You think your job is tough? Try having to dress an entire imaginary, future-world. That responsibility fell to Christine Bieselin-Clark, our wonderful costume designer. She was tasked with making the future look — and even feel — real and tangible.
With science fiction, there’s a danger in creating a look that seems so foreign it becomes alienating. For ENDER’S GAME, we wanted to make a future that looked both functional and logical. We wanted it to be a future where you can picture yourself in their shoes. But of course, it is the future. For the uniforms, all synthetic materials were used, meaning no loud silk florals. And for the flash suits… well, we actually had to create them out of thin air.
Christine built the flash suits from virtually non-existent fabrics designed by our incredible production team. The idea was to take cues from “extreme sports” to inspire our design, using real world practicality as opposed to the heightened reality of superhero spandex and a cape.
And the best part? They look pretty darn cool. And then there’s having to make a uniform for Nonso Anozie, who plays Sergeant Dap. Normally, a bolt comes with nine yards of material, and can make 2-3 suits. Or, in Nonso’s case, one suit became a living example of the expression “the whole nine yards”.
But hey, it’s the future… so maybe we’ve switched to metric.
Ender's Game is based on Orson Scott Card's Hugo Award winning, science fiction young adult novel and will be released in theaters on November 1st, 2013. Summit Entertainment is co-financing the film which Gavin Hood (X-Men Origins: Wolderine) will direct and screenwriting/producing duo Bob Orci and Alex Kurtzman (Cowboys and Aliens) are attached as producers through their K/O Paper Products banner, along with Odd Lot Entertainment's Gigi Pritzker and Linda McDonough, author Orson Scott Card and Lynn Hendee.

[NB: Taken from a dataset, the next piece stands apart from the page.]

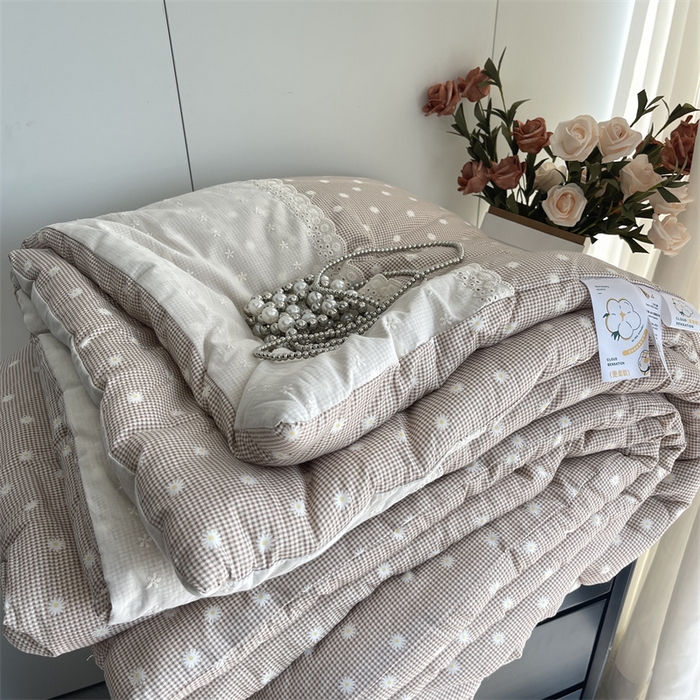 91家纺网 家纺一手货源 找家纺 奈萝家纺 奈萝2025新款全棉13372法式花边纯棉夏被春秋被 格子雏菊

Asa Butterfield, the star of director Martin Scorsese's widely praised 3D film Hugo will be playing the lead role of Ender Wiggin. Harrison Ford (Cowboys & Aliens) will be Colonel Hyrum Graff, the adult lead in the film and commander of training for the International Fleet military academy in located in space. Hailee Steinfeld (True Grit) will play Petra Arkanian, one of Ender's Battle School trainers and eventual confidant. Sir Ben Kingsley, who recently starred with Butterfield in Hugo will play a character who is crucial to Ender's battle training, former Fleet Commander Mazer Rackham. Canadian actor Brendan Meyer will play one of Ender's early antagonists Stilson who he encounters before being shipped off to Battle School. Academy Award nominee Abigail Breslin will play Valentine Wiggin, sister to Butterfield's Ender. Aramis Knight (Rendition) will play Ender's youngest recruit Bean, Moises Arias will play Salamander Army Commander Bonzo Madrid, Jimmy "Jax" Pinchak (Let Me In) will be Peter Wiggin, Suraj Parthasarathy will be Alai, Conor Carroll will be Ender's first Battle School nemesis Bernard and Khylin Rhambo has signed on to play Dink Meeker. Viola Davis (the Help) will play a yet to be named military psychologist who oversees the emotional welfare of young trainees. Nonso Anozie (The Grey) will play Sergeant Dap, Stevie Ray Dallimore (Joyful Noise) has been cast as Ender’s father John and Andrea Powell (The Twilight Saga: Breaking Dawn Part 2) will play Ender’s mother Theresa.